◆ **What is needed**: In the records that follow, find the line with "Men's Carolina Hurricanes"; from there, retype every line exactly through the line with "Parini NDJ-208 Mini", which also belongs to the answer.

◆ **Data provided**:
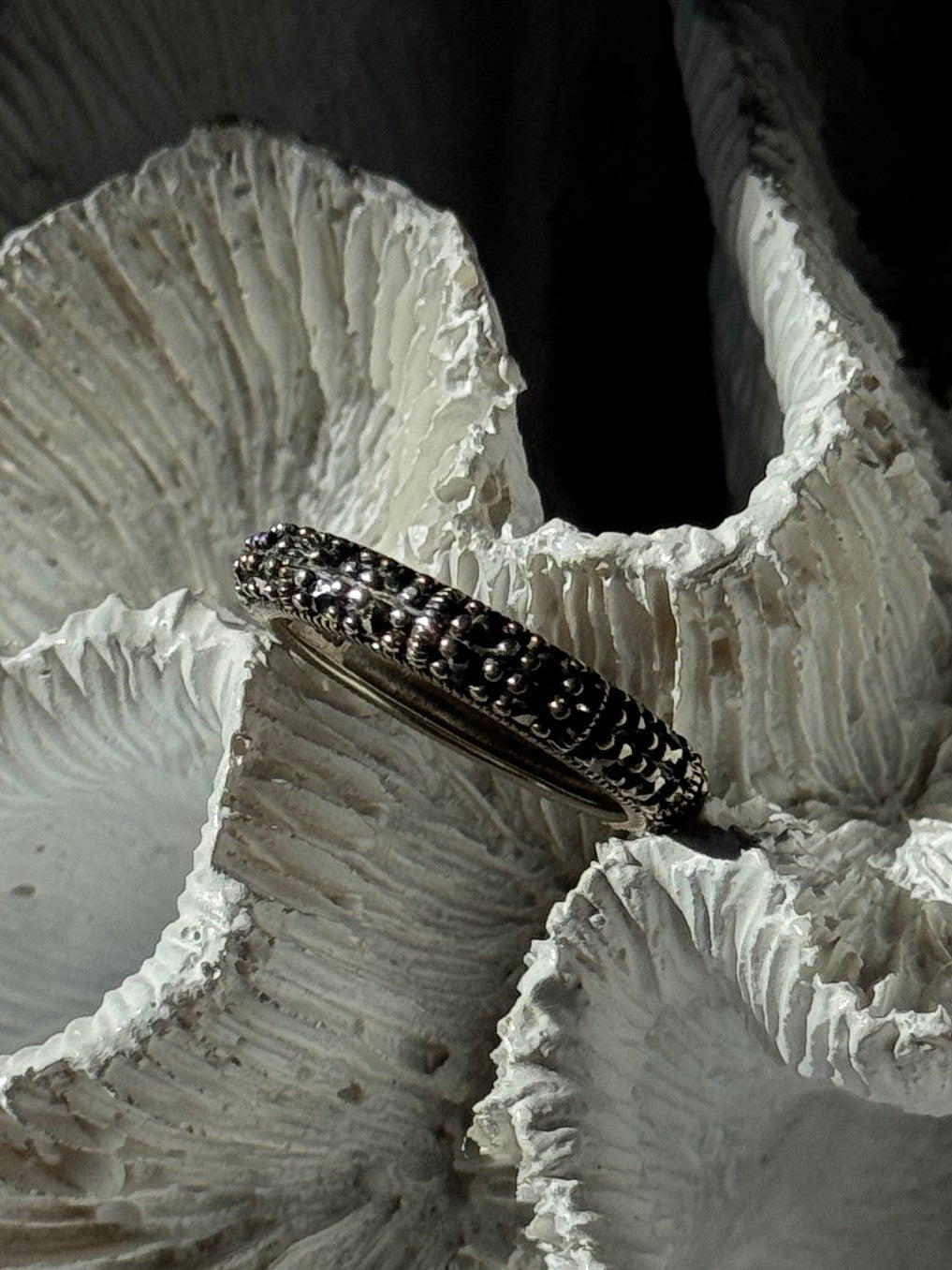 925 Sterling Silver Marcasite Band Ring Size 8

* * *

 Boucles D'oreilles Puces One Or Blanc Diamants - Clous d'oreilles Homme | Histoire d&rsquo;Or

--

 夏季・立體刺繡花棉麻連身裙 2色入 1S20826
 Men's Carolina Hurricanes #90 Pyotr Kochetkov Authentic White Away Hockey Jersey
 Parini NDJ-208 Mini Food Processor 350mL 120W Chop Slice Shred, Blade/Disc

◆ **Task answer**:
 Men's Carolina Hurricanes #90 Pyotr Kochetkov Authentic White Away Hockey Jersey
 Parini NDJ-208 Mini Food Processor 350mL 120W Chop Slice Shred, Blade/Disc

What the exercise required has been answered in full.